Halmahera Utara | |||||||||
---|---|---|---|---|---|---|---|---|---|
Wilayah | Halmahera bagian utara, Ternate, Tidore, dan bagian barat Makian | ||||||||
Penutur | |||||||||
| |||||||||
Kode bahasa | |||||||||
ISO 639-3 | – | ||||||||
LINGUIST List | nhal | ||||||||
Glottolog | nort2923 [1] | ||||||||
Lokasi penuturan | |||||||||
Perkiraan lokasi penuturan Rumpun bahasa Halmahera Utara | |||||||||
Portal Bahasa | |||||||||
Hubungan genetik dan area penggunaan
suntingDituturkan di Kepulauan Maluku, bahasa Halmahera Utara adalah salah satu bahasa Papua paling barat (satu-satunya rumpun bahasa tidak dikenal yang serupa di Indonesia bagian timur adalah Timor–Alor–Pantar).[2][3] Terletak di Asia Tenggara, kedua rumpun ini bisa dibilang satu-satunya kelompok linguistik non-Melanesia yang dapat dikaitkan dengan rumpun bahasa Papua di Oseania.[4] Bahasa-bahasa tersebut diperkirakan dibawa ke wilayah ini sebagai hasil migrasi dari Papua, kemungkinan besar sebelum kedatangan bahasa-bahasa Austronesia.[5][6]
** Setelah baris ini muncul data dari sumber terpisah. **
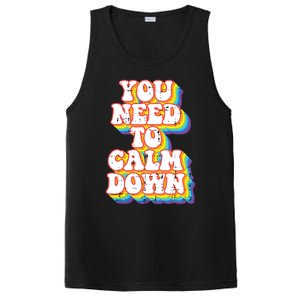 Gay You Need To Calm Down Rainbow Pride Flag Lgbtq PosiCharge Competitor Tank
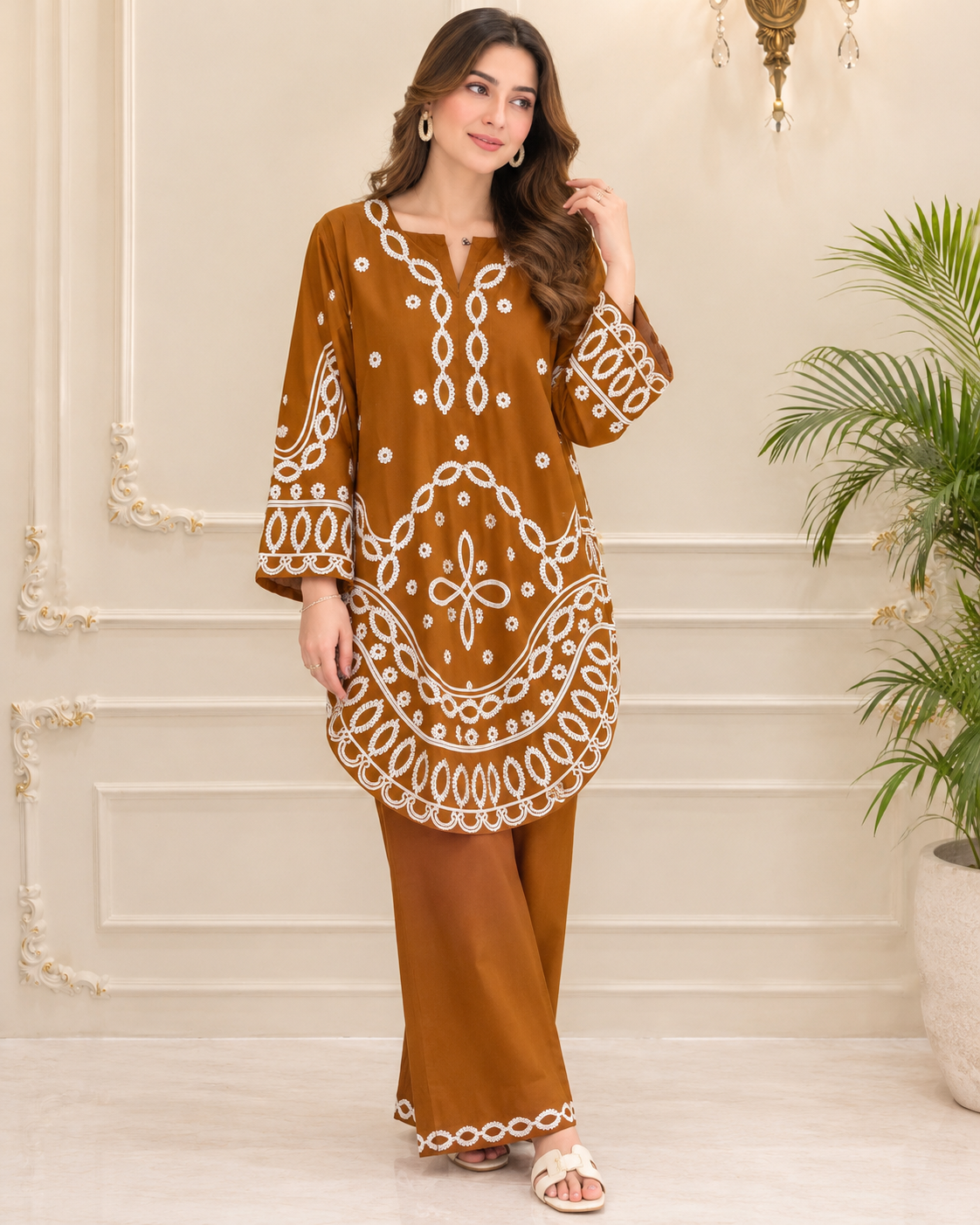 Linen Embroidered Stitched 2pc Suit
Bahasa-bahasa ini diklasifikasikan oleh beberapa orang sebagai bagian dari kelompok Papua Barat yang lebih besar, serta bahasa-bahasa di wilayah Kepala Burung di wilayah Nugini Barat,[5] sementara yang lain menganggap bahasa Halmahera Utara membentuk rumpun bahasa yang berbeda, tanpa ada hubungan yang dapat dibuktikan di luar wilayah tersebut.[7] Bahasa-bahasa di Halmahera Utara tampaknya mempunyai kemiripan yang paling dekat dengan bahasa-bahasa di Kepala Burung, yang menunjukkan adanya migrasi dari penutur bahasa Kepala Burung di bagian barat ke Halmahera bagian utara.[8] Namun, Ger Reesink mencatat bahwa bukti keterkaitan genetik antara kelompok-kelompok "Papua Barat" yang berbeda terlalu minim untuk membuat kesimpulan yang tegas,[9] menunjukkan bahwa mereka dianggap sebagai jaringan areal dari keluarga linguistik yang tidak terkait. Selain itu, banyak penutur bahasa Halmahera Utara, seperti orang-orang Ternate, Tidore, dan Galela, secara fisik berbeda dari penduduk asli Nugini, sedangkan sifat-sifat Nugini lebih banyak ditemukan di kalangan masyarakat berbahasa Austronesia di Halmahera Selatan.[10] Robert Blust (2013) menganggap paradoks ini sebagai akibat dari historis pergeseran bahasa.[10] Kelompok etnis di wilayah Halmahera bagian utara memiliki hubungan peradaban yang sama dengan dunia Islam dan masyarakat di wilayah barat Indonesia, sehingga menunjukkan adanya ketidaksesuaian antara afiliasi budaya dan bahasa.[5]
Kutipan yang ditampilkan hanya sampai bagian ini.